In 1997, Gonzalez wrote, produced and anchored Through the Eyes of the Children: War in Bosnia, a half-hour news special about children living in the uneasy peace of Sarajevo, in the former Yugoslavia. Through the Eyes of the Children received the Golden Mike Award for best documentary and was a finalist for the Edward R. Murrow Award. In 1999, Gonzalez travelled to refugee camps in southeast Sudan, to work with and document the relief efforts battling a famine and civil war. That coverage earned her two Emmy nominations that year. Later that year she received another Golden Mike Award for her reporting on religious pilgrimages in Cuba]and Haiti.

For her 2000 documentary work, she received two Los Angeles area Emmy awards. “Black and Brown – When Colors Collide“, examined interracial tensions between teenagers. Another half-hour special, “LA Riots… From This Day Forward“, looked at changes since the deadliest urban riots in U.S. history, which Gonzalez herself covered for Fox 11, in 1992.

In 2001, she received three more Emmy nominations for investigative reports on slave labor, health care abuses and features on horse training.

In 2002, Gonzalez’ undercover investigation and reporting on pyramid schemes led to the raid and prosecution of what LAPD officials allege to be the most extensive pyramid fraud in the history of Los Angeles. Light of Gold Pyramid Scheme was honored at the 2002 Los Angeles Press Club Journalism Awards.

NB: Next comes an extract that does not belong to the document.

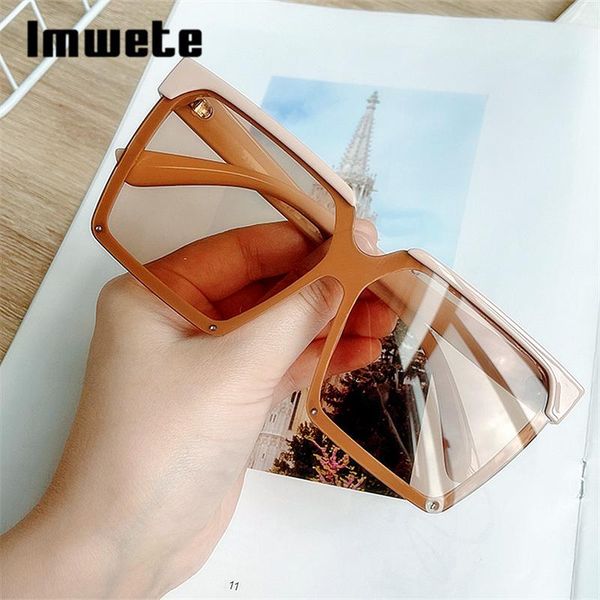 

sunglasses imwete oversized women men vintage square sun glasses designer outdoor goggles uv400 colored, White;black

As an active community supporter, Gonzalez is a frequent guest speaker, counselor to young people, and mentor for several schools and colleges. Her involvement has garnered recognition from several Southern California organizations and city governments, including the Los Angeles City Council, which cited her for her “extraordinary commitment and numerous contributions to serving the community". The California State Assembly lauded her "effort for deserving women in the 34th Congressional District".

== Los Angeles May Day Mêlée ==
On 1 May 2007 she was involved in the immigration rally mêlée at MacArthur Park. She criticised LAPD constables after they pushed and struck her and several other members of the media during protests. She yelled, "You can't do that! You cannot do that!" in response to the LAPD shoving her and her camerawoman Patricia Lynn Ballaz and telling them to leave the park.

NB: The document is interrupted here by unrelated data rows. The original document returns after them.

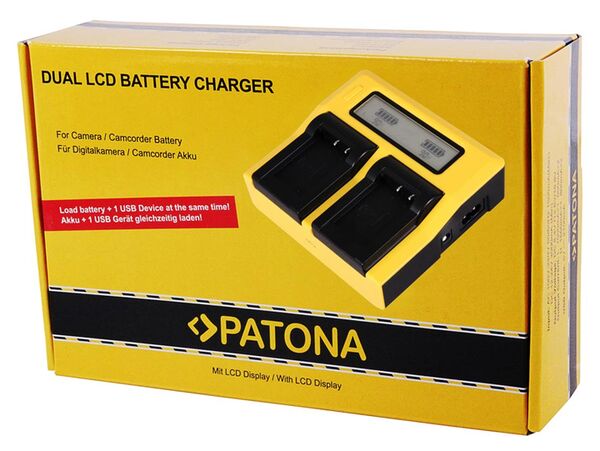 Patona Dual LCD USB Ladegerät für Canon  BLD10E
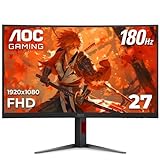 AOC C27G2Z 27' Curved Frameless Ultra-Fast Gaming Monitor, FHD 1080p, 0.5ms 240Hz, FreeSync, 2x HDMI 2.0, 1x Display Port, Height Adjustable, Xbox PS5 Switch Ready, 3-Year Zero-Bright-Dot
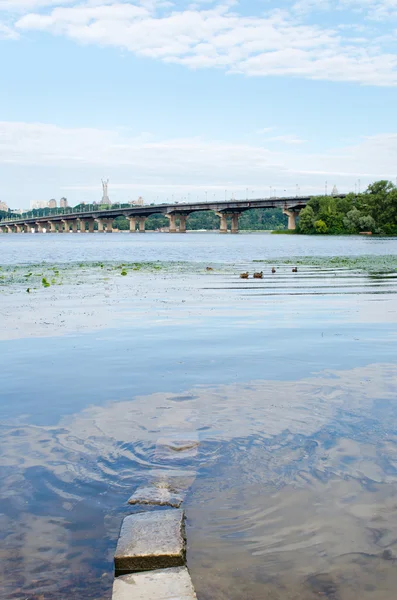 Украина, Киев, Патонский мост через Днепр — стоковое фото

The Los Angeles County District Attorney’s Office found that although the officers tactics may have been questionable there was not enough evidence to seek criminal proceedings against the constables. Gonzalez and several other journalists would file civil lawsuits against both the LAPD and the city. On 4 February 2009 the LA city council voted to settle lawsuits resulting from the incident for $12.85 million.

== Personal life ==
Gonzalez was formerly married to radio talk show host Tom Leykis. After allegedly finding and investigating some hotel receipts, he discovered that she had cheated on him leading to their divorce. Her name was not mentioned on his former radio show, but Leykis stated that, during his time in Arizona, his then-wife cheated on him.

Gonzalez's current husband is a retired Southern California Police Constable. The couple live in Los Angeles.